[Extracted records]
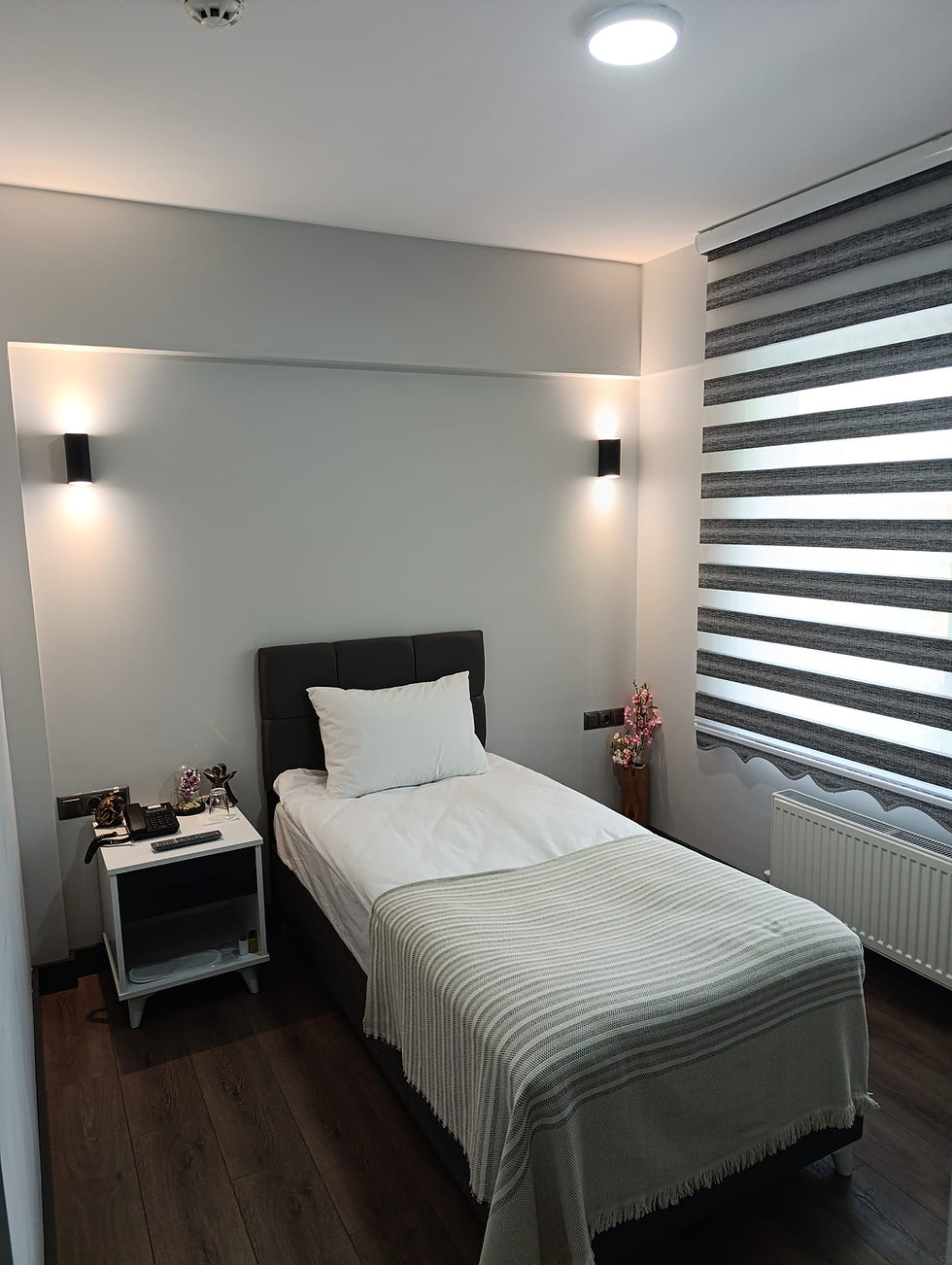 Villa Doktor Tek kişilik yatak, konforlu konaklama
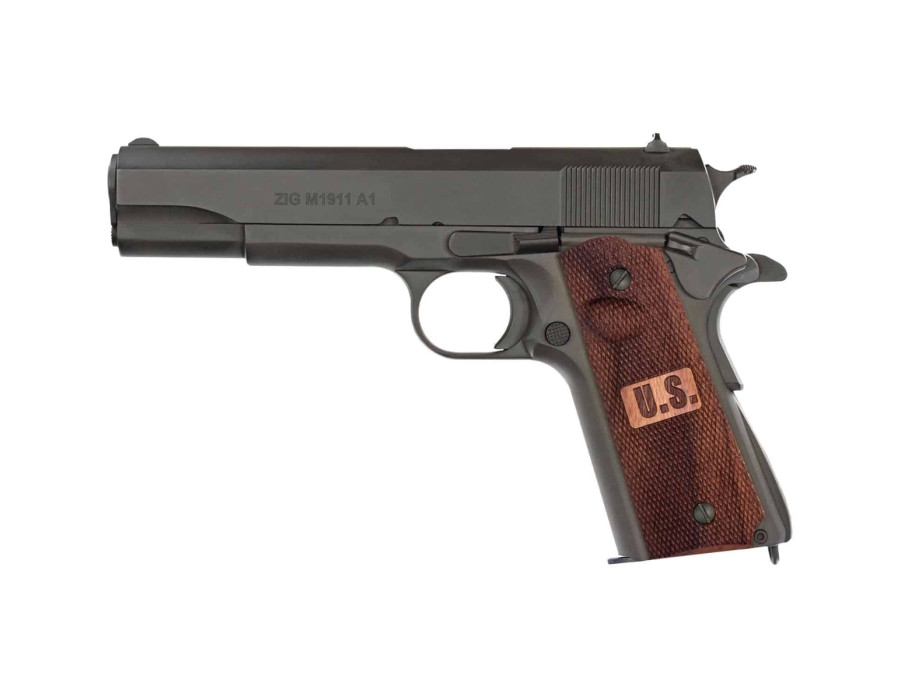TISAS ZIG M1911 A1 Parkerized 5", Kal. .45 ACP TISAS ZIG M1911 A1 Parkerized 5", Kal. .45 ACP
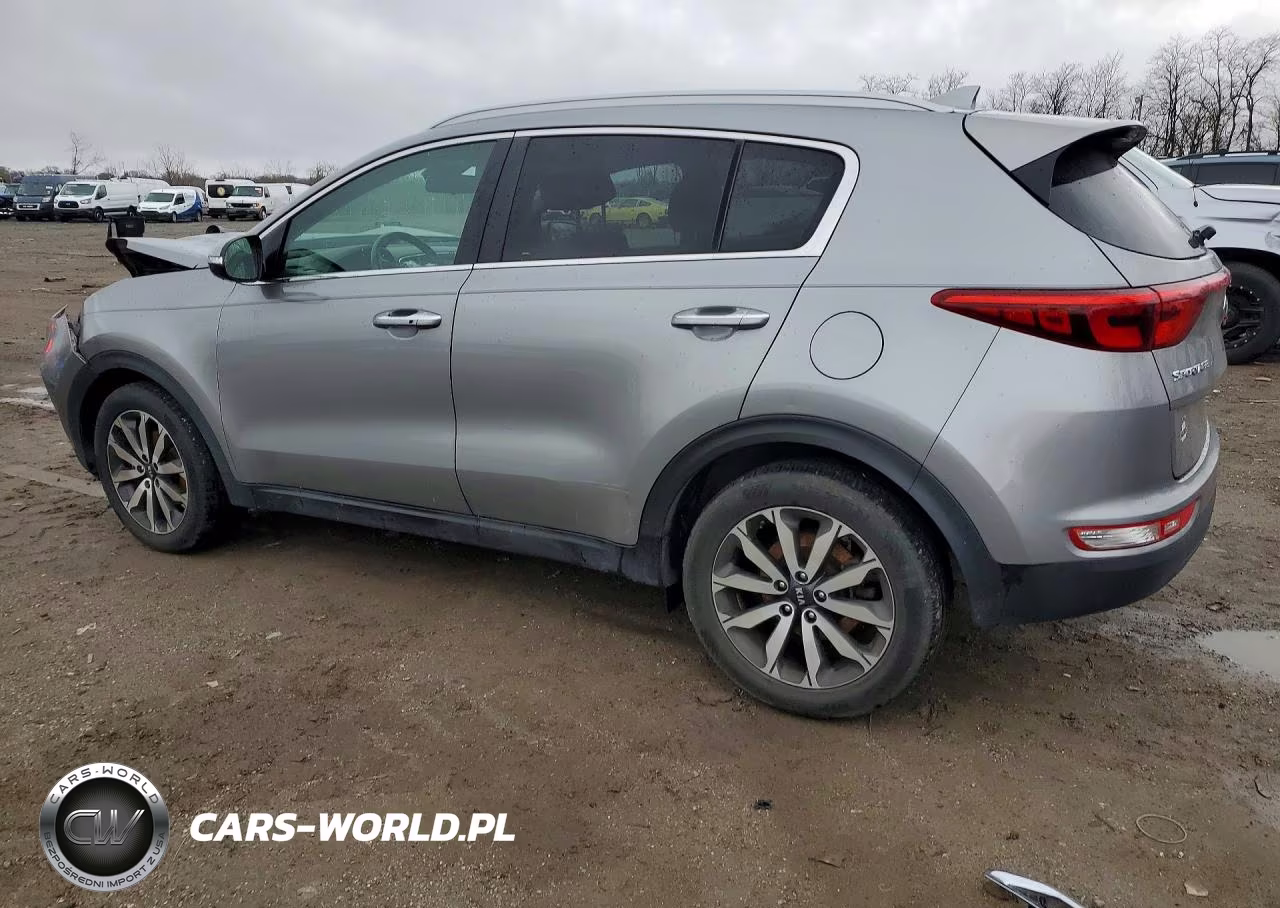 2019 Kia Sportage Ex VIN:KNDPN3AC4K7609452 - 2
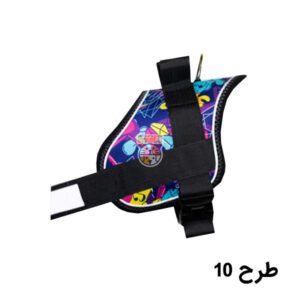 قلاده بدنی میلان پت مدل ریپس طرح 10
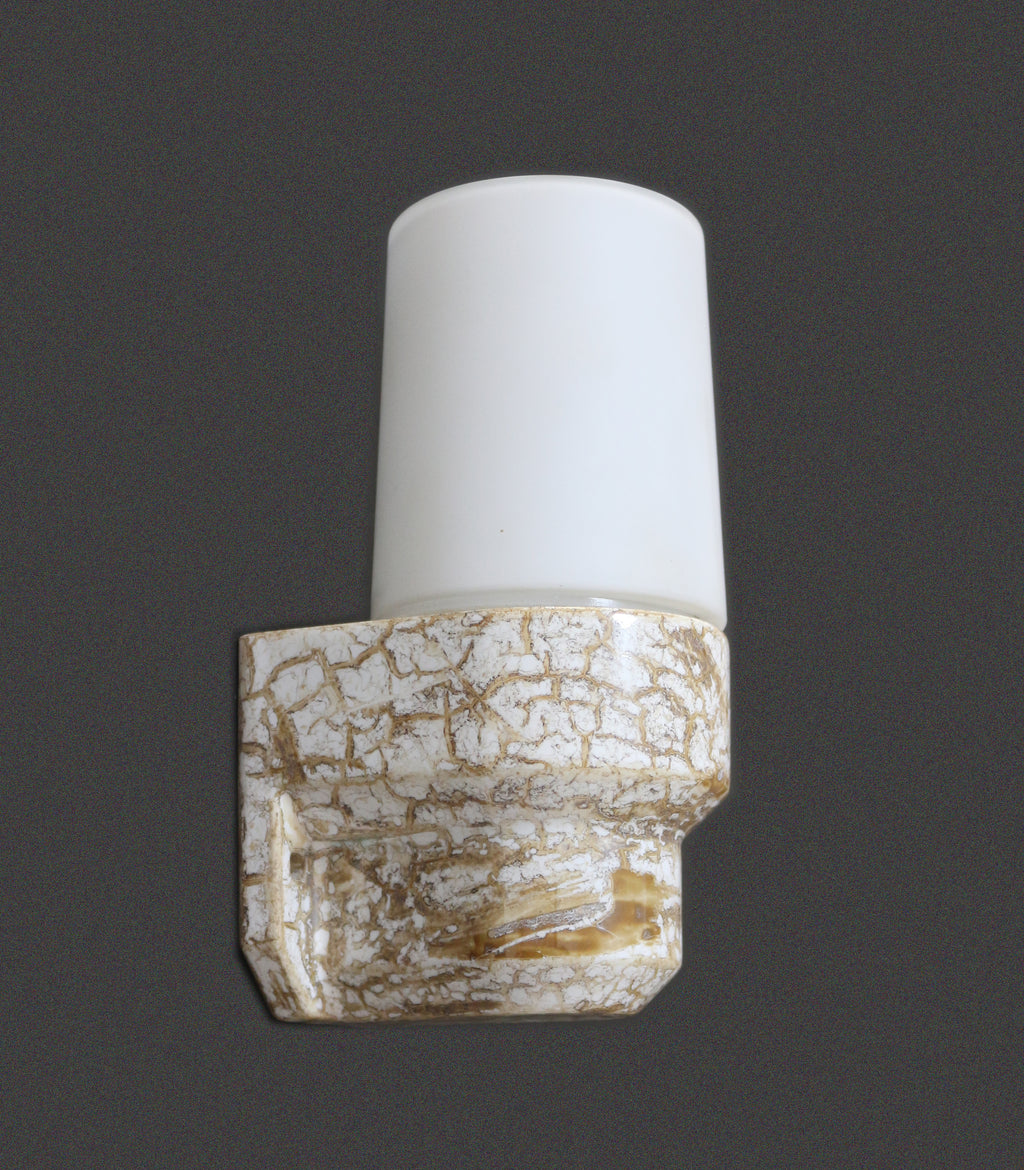 L-Shaped Wall-Mounted Ceramic Sauna Light — Model 403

TASK STATEMENT –
Please copy the lines above exactly as written, apart from any pictures.

RESULT OF THE TASK –
 Villa Doktor Tek kişilik yatak, konforlu konaklama
TISAS ZIG M1911 A1 Parkerized 5", Kal. .45 ACP TISAS ZIG M1911 A1 Parkerized 5", Kal. .45 ACP
 2019 Kia Sportage Ex VIN:KNDPN3AC4K7609452 - 2
 قلاده بدنی میلان پت مدل ریپس طرح 10
 L-Shaped Wall-Mounted Ceramic Sauna Light — Model 403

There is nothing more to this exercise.